[SUPPLIED RECORDS Boundary: Start]
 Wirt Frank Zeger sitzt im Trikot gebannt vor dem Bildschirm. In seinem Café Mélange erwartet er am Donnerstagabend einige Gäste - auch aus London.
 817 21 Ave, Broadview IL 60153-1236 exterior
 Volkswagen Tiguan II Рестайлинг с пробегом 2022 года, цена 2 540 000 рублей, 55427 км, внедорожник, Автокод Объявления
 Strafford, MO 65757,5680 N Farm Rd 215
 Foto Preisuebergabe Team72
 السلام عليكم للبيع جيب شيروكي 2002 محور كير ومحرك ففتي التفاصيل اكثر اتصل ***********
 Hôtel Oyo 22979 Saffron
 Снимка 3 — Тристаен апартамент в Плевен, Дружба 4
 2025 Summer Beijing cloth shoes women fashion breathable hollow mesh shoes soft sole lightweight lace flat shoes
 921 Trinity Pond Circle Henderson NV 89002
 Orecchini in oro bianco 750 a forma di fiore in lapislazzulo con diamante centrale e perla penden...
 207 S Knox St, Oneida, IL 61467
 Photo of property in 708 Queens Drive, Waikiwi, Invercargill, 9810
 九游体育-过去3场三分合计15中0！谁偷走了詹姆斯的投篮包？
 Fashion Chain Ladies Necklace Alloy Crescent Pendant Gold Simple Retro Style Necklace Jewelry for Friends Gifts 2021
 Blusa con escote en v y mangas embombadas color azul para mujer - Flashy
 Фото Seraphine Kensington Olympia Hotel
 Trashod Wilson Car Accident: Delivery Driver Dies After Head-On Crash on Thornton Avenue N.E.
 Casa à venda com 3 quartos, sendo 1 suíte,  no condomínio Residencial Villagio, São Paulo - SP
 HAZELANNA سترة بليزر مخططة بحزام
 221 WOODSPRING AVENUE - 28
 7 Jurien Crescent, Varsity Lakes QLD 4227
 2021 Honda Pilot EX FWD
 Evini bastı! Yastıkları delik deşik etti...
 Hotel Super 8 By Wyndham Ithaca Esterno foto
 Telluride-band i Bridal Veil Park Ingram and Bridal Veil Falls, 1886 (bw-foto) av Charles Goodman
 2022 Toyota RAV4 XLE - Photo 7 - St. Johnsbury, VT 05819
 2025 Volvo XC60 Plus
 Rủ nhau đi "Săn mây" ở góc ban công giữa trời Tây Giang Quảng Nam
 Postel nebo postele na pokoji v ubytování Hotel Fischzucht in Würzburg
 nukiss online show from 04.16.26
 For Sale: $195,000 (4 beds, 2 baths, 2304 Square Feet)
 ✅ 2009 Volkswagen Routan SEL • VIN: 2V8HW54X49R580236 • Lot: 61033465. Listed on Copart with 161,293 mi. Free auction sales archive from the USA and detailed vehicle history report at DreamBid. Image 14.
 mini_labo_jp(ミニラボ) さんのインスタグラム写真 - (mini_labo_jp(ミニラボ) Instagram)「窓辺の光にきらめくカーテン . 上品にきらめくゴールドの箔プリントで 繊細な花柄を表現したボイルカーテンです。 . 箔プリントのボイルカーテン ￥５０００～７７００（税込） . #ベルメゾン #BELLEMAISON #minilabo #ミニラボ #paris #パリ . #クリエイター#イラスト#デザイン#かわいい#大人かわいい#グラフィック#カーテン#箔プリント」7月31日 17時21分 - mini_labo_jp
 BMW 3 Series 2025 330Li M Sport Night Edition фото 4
[SUPPLIED RECORDS Boundary: End]
Look through the records above for the string "Volkswagen", then copy every line that has it.

### RESPONSE FOR THIS EXERCISE
 Volkswagen Tiguan II Рестайлинг с пробегом 2022 года, цена 2 540 000 рублей, 55427 км, внедорожник, Автокод Объявления
 ✅ 2009 Volkswagen Routan SEL • VIN: 2V8HW54X49R580236 • Lot: 61033465. Listed on Copart with 161,293 mi. Free auction sales archive from the USA and detailed vehicle history report at DreamBid. Image 14.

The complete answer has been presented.